Das Überwachungsprogramm Mystic der NSA soll österreichische Telefonate aufzeichnen und speichern. (Bild: washingtonpost.com)

NSA-Affäre: Sämtliche Kommunikation in Österreich angeblich überwacht

Das Überwachungsprogramm Mystic der NSA soll österreichische Telefonate aufzeichnen und speichern.
Das Überwachungsprogramm Mystic der NSA soll österreichische Telefonate aufzeichnen und speichern. (Bild: washingtonpost.com)

Österreich soll eines der sechs Länder sein, in denen die NSA den kompletten Daten- und Telefonverkehr abhört, aufzeichnet und für 30 Tage speichert. Die österreichische Bundesregierung wisse davon, berichtet die Zeitschrift Format.
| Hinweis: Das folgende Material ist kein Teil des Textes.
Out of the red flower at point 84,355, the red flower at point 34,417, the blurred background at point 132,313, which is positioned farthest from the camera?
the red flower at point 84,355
Die NSA soll in Kooperation mit dem österreichischen Heeresnachrichtenamt (HNaA) den gesamten Telefon- und Datenverkehr in Österreich überwachen und aufzeichnen. Der Vertrag über die Zusammenarbeit soll nach den Terrorangriffen vom 11. September 2001 verlängert worden sein. Das Innenministerium habe Kenntnis von der Überwachung. Das berichtet die österreichische Wirtschaftszeitschrift Das Format.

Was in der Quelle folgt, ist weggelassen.